Die Regierungskoalition stehe auch weiterhin für eine faire Unterstützung der hessischen Städte, Gemeinden und Landkreise. „Der Kommunale Finanzausgleich steigt im kommenden Jahr abermals auf ein neues Rekordhoch von mehr als vier Milliarden Euro. Die Mittel für Flüchtlinge werden um 160 Millionen Euro auf rund 290 Millionen Euro erhöht. Die Kommunen werden durch die Erhöhung der Pauschale für die Unterbringung von Flüchtlingen um fünfzehn Prozent entlastet und zudem der Anstieg der Asylbewerberzahlen so berücksichtigt“, so Boddenberg. Man wisse aber um die großen Herausforderungen vieler Kommunen und werde etwa beim Thema Kommunaler Finanzausgleich weiterhin im Gespräch bleiben.

Der CDU-Fraktionsvorsitzende machte deutlich, dass „die Verankerung der Schuldenbremse in der Hessischen Verfassung eine historische Entscheidung“ gewesen sei. „Die Bürgerinnen und Bürger haben sich mit großer Mehrheit dafür ausgesprochen, den Kurs der Neuverschuldung zu stoppen und sich für eine nachhaltige Haushaltspolitik entschieden. Dies ist Ansporn für uns, die Haushaltskonsolidierung konsequent voran zu treiben und damit die finanzielle Handlungsfähigkeit für unsere Kinder und Enkel zu sichern. So sinkt die Nettokreditaufnahme um weitere 230 Millionen auf 730 Millionen Euro und bewegt sich somit planmäßig auf dem Abbaupfad. Der Haushalt 2015 ist ein weiterer Meilenstein auf dem Weg zur Einhaltung der Schuldenbremse. Dieses Ziel ist aber nicht ohne den Abschied von liebgewordenen, aber auch teuren Leistungen möglich“, erläuterte Boddenberg.
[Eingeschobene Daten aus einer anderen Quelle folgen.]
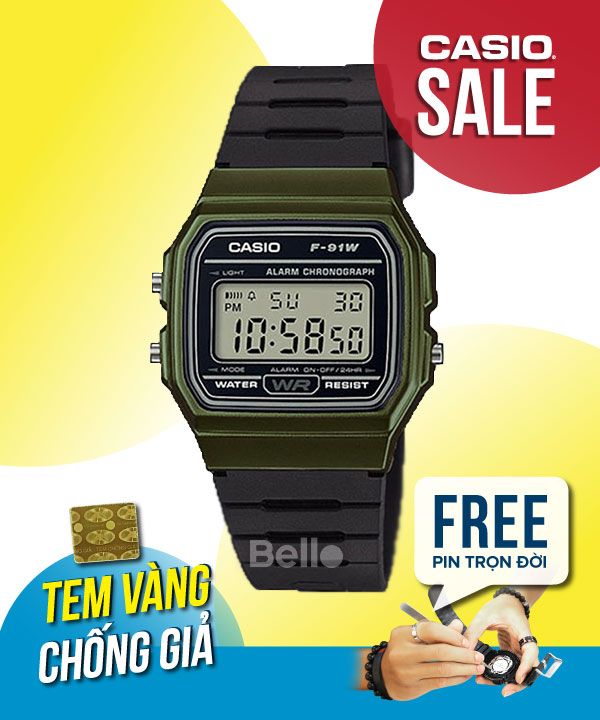 Đồng hồ Casio Nam F-91WM-3A chính hãng, giá rẻ, Thay Pin Trọn Đời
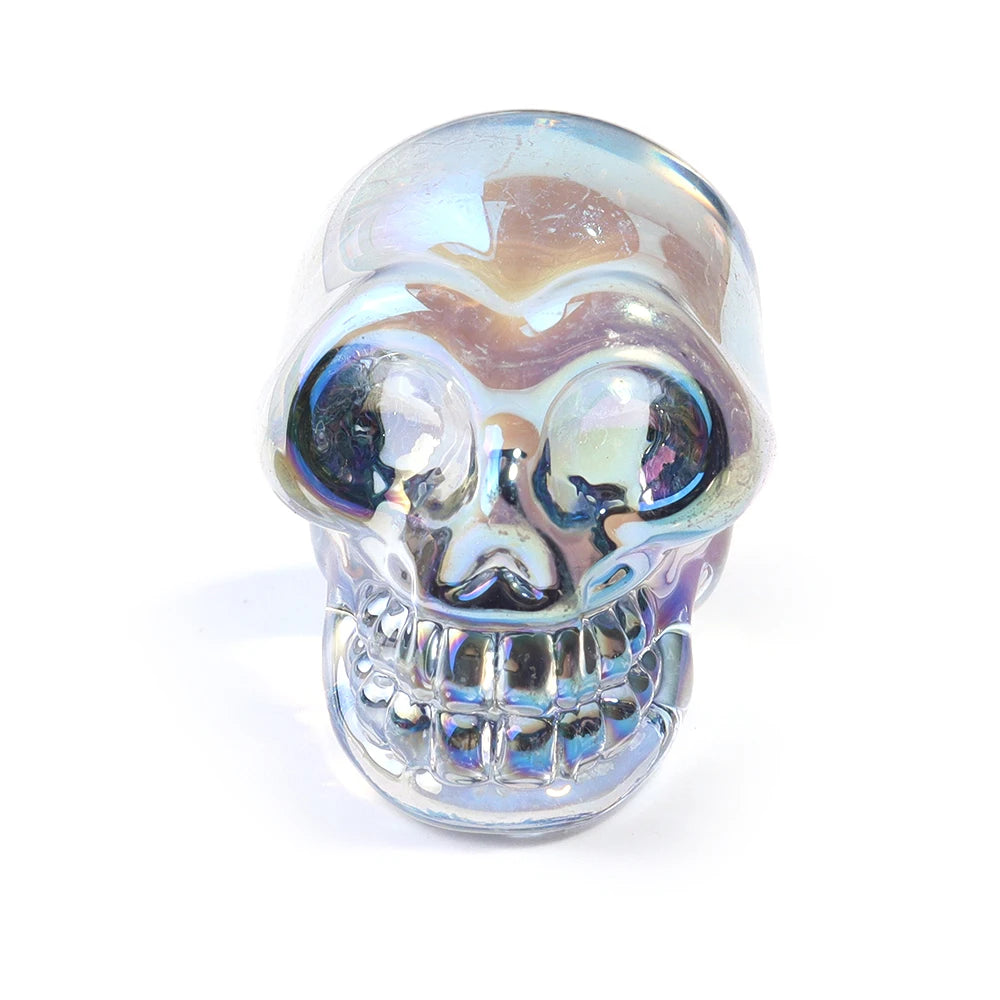 Mini statues de tête de mort en cristal de 2,5 cm, figurines de crâne transparentes en verre galvanisé coloré, accessoires de photographie, décoration, 1 pièce - VALDIS™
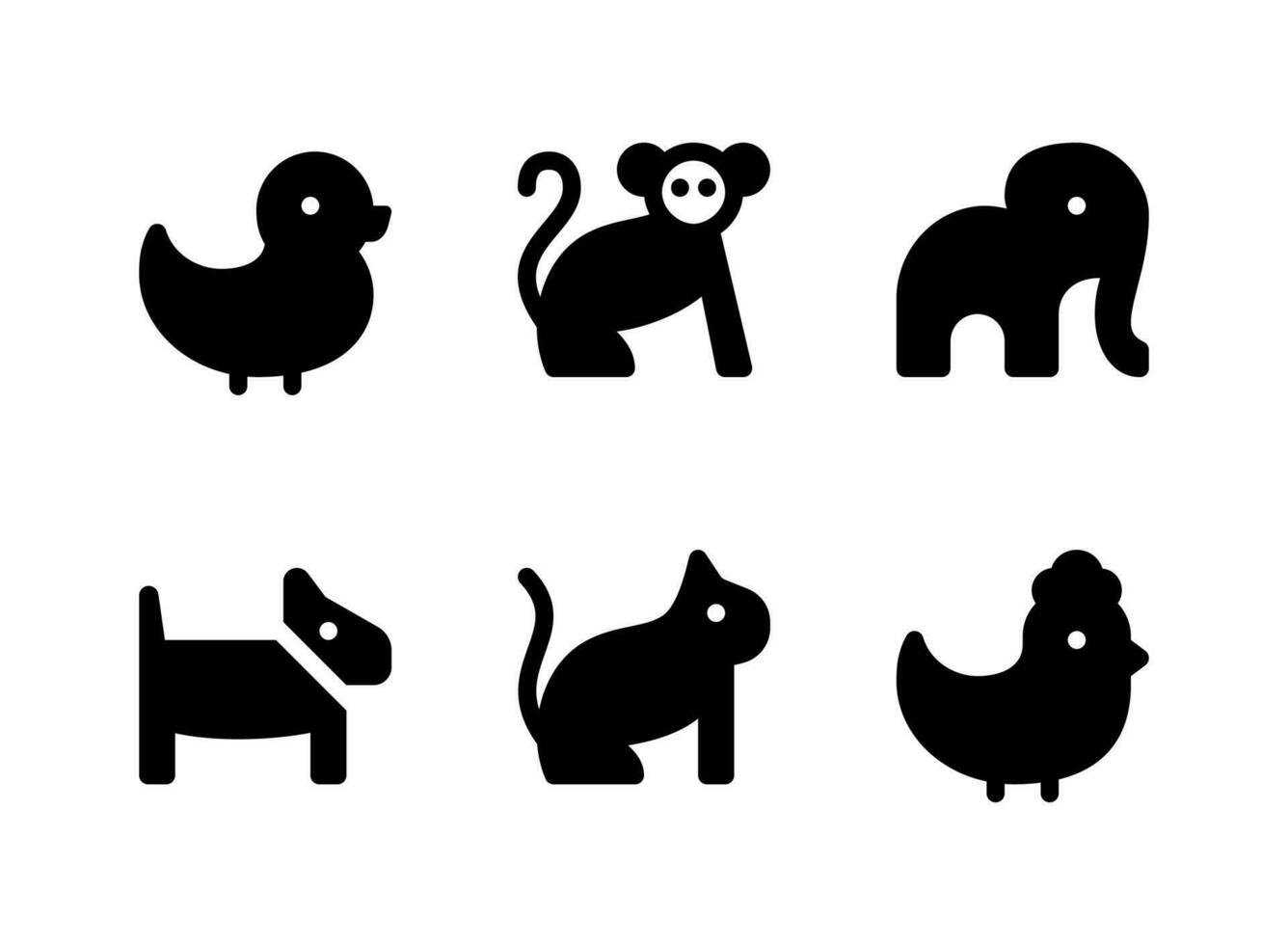 enkel uppsättning djurrelaterade vektor fasta ikoner. innehåller ikoner som ankahund, katt, brud och mer.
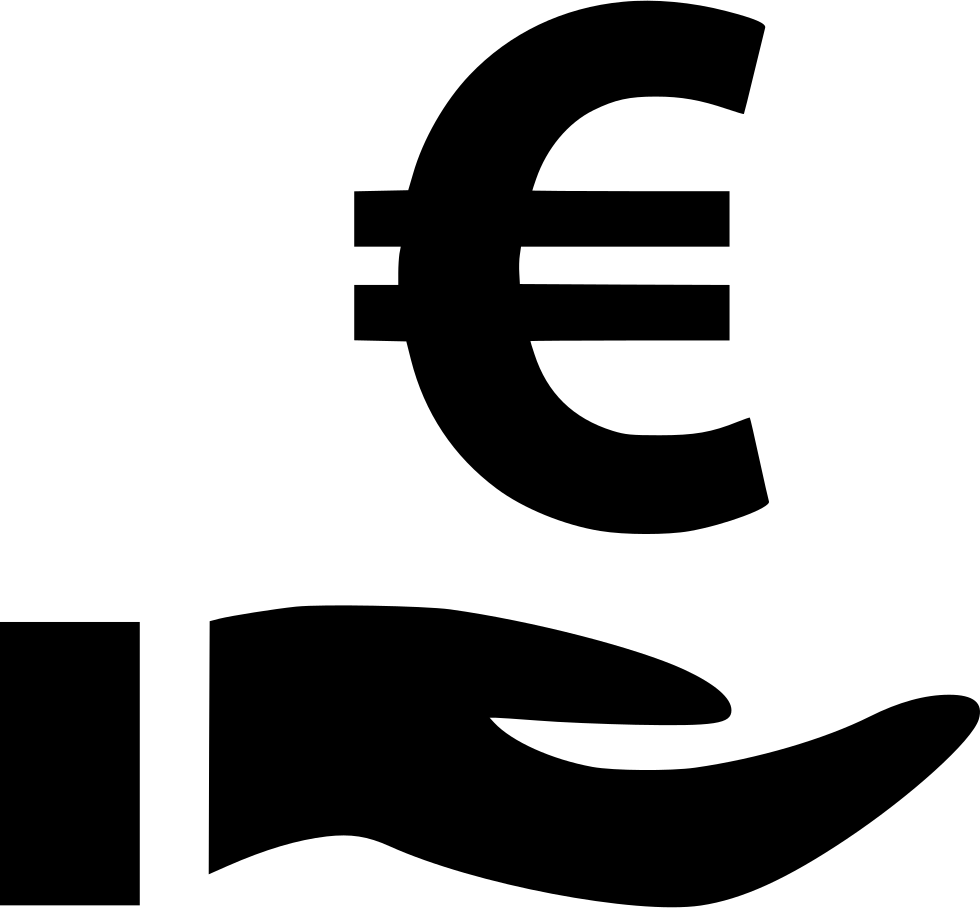 Euro Symbolon Hand Silhouette PNG image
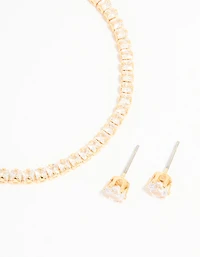 Gold Plated Cubic Zirconia Tennis Bracelet & Earrings Set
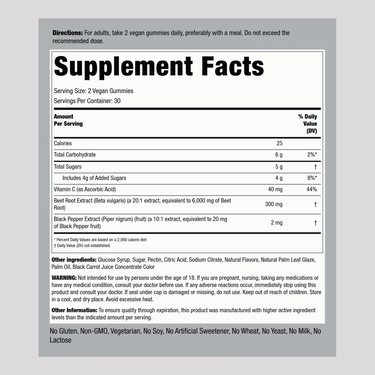Image showing the Supplement Facts for Beet Root 60 Gummies, detailing ingredients and nutritional information.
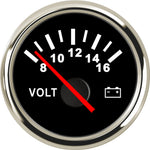 AD Universal 52mm Voltmeter | 8-16V Waterproof Gauge for Car Motorcycle Boat with Red close-up view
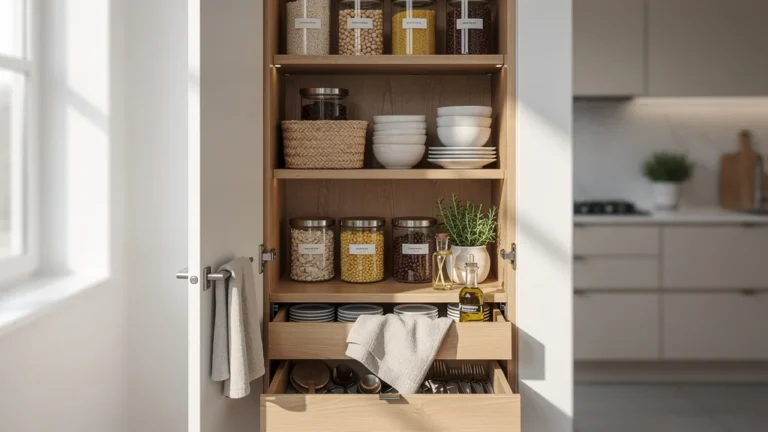 Garde-manger de 1 m² ouvert et bien organisé, choix assumé pour une cuisine compacte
Der CDU-Politiker nannte einige Maßnahmen zur Haushaltskonsolidierung. „Wir haben auf der Einnahmeseite die Grunderwerbsteuer erhöht und werden damit jährlich rund 155 Millionen Euro erlösen. Auf der Ausgabenseite belasten Personalkosten den Haushalt mit 40 Prozent. Wir werden deshalb im kommenden Jahr etwa 270 Stellen abbauen, im Gegensatz zum Vorschlag der Sozialdemokraten, die noch 400 weitere Stellen abbauen wollen! Die hessischen Beamtinnen und Beamten genießen bei uns höchste Wertschätzung. Ich werbe bei ihnen aber um Verständnis, dass nach Steigerungen der Bezüge in den vergangenen beiden Jahren auch sie durch eine Nullrunde im kommenden Jahr einen Beitrag leisten müssen. Im bundesweiten Vergleich liegt die Besoldung aber immer noch auf sehr hohem Niveau. So verdient beispielsweise ein Polizeioberkommissar in der höchsten Erfahrungsstufe in Hessen jährlich rund 700 Euro mehr als sein Kollege im sozialdemokratisch regierten Nordrhein-Westfalen. Obendrein erreicht der hessische Polizeioberkommissar das Höchstgehalt bereits nach 17 Jahren, sein Kollege in Nordrhein-Westfalen erst nach 26 Jahren. Auch bei den Veränderungen der Beamtenbeihilfe glauben wir einen maßvollen Weg gefunden zu haben. So nehmen wir im Bereich der Chefarztbehandlung und bei den Zwei-Bett-Zimmern einen Konsolidierungsbeitrag in Höhe von 20 Millionen Euro vor. Alle zentralen Vorteile der Beihilfe bleiben aber unangetastet. So erhalten wir die familienfördernde Wirkung der Beihilfe, die es außer bei uns in Hessen so nur noch in Bremen gibt“, sagte Boddenberg.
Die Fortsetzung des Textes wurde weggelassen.